THE WORD "Nitassinan" 'means "our land" in the language of the Innu people. Nitassinan extends over Labrador and northeastern Quebec, and the Innu live there still, much as they have for thousands of years. They hunt and fish for survival and speak Innu-eimun as their first language, and until a few years ago most Canadians were entirely unaware that they existed.
The Innu have been sadly aware of non-Native Canada's existence, however. They have been reminded not only by the teachers and government officials who have tried to make them "assimilate," and by the logging and hydro projects on their territory, but most of all by the low-level military-training flights out of Canadian Forces Goose Bay. As many as 8,000 flights a year scream over Innu territory at barely 100 feet above the ground, burning the tops off trees, scattering caribou, and damaging the ears of children.

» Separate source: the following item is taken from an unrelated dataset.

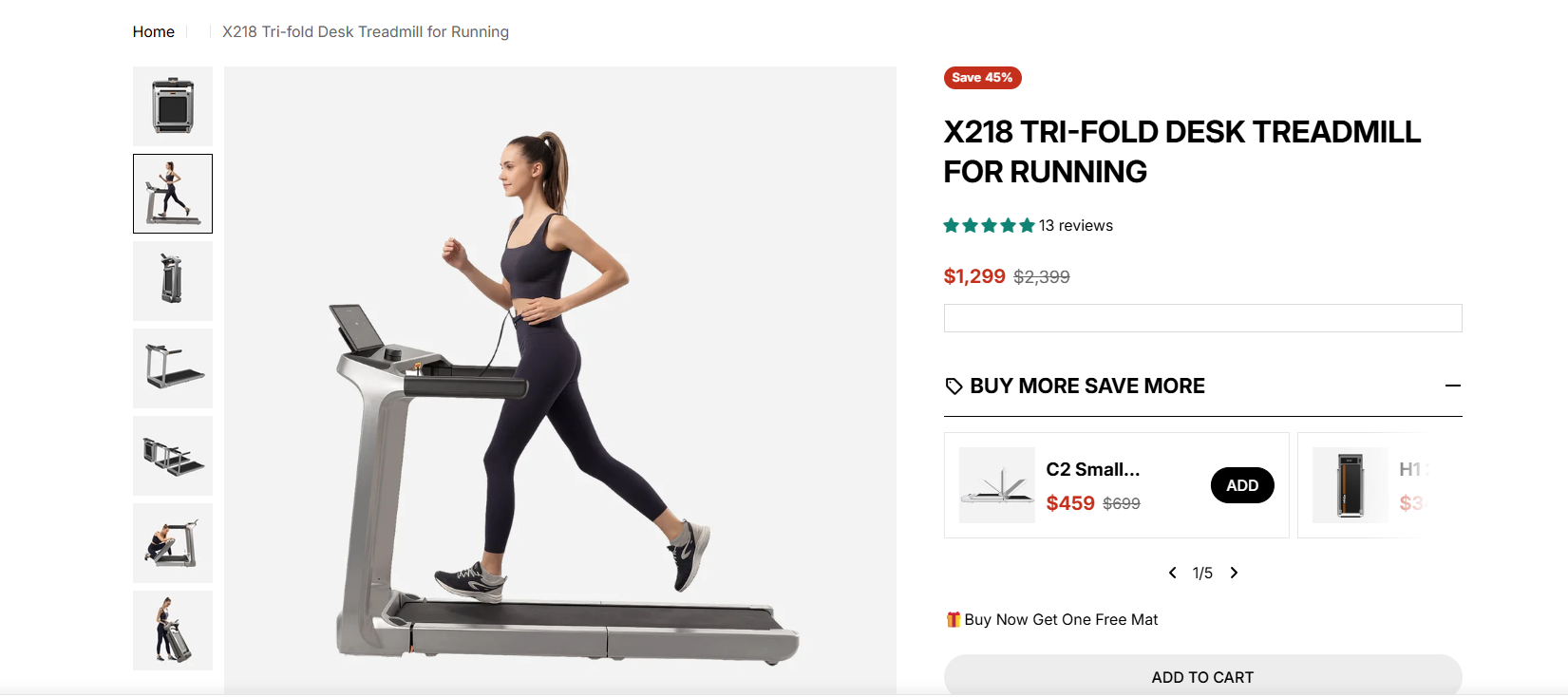 KingSmith WalkingPad X218 Foldable Treadmill - Brand New - photo 4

In 1988, the Innu began a massive campaign against these flights, which are conducted by the air forces of Britain, Germany, and Holland with the permission of the Canadian government, and found themselves suddenly under the eyes of the non-Native world as hundreds of peacefully protesting women, children, and elders were arrested and jailed.
Now Marie Wadden, a journalist who has lived in the Innu village of Sheshatshit, tells the story of their culture and their fight to preserve it in Nitassinan: The Innu Struggle to Reclaim Their Homeland (Douglas & McIntyre, 256 pages, $26.95 cloth). It is a comprehensive, sympathetically drawn account, and certainly the best resource on the subject to date. Wisely, Wadden has for the most part simply allowed the Inuit to tell their stories, focusing especially on the elder Tshakuesh (Elizabeth) and her son Peter Penashue. The story of one of the few Native cultures we have not - yet - quite succeeded in destroying, Nitassinan is an important book for anyone concerned with peace, environmental, or First Nations issues.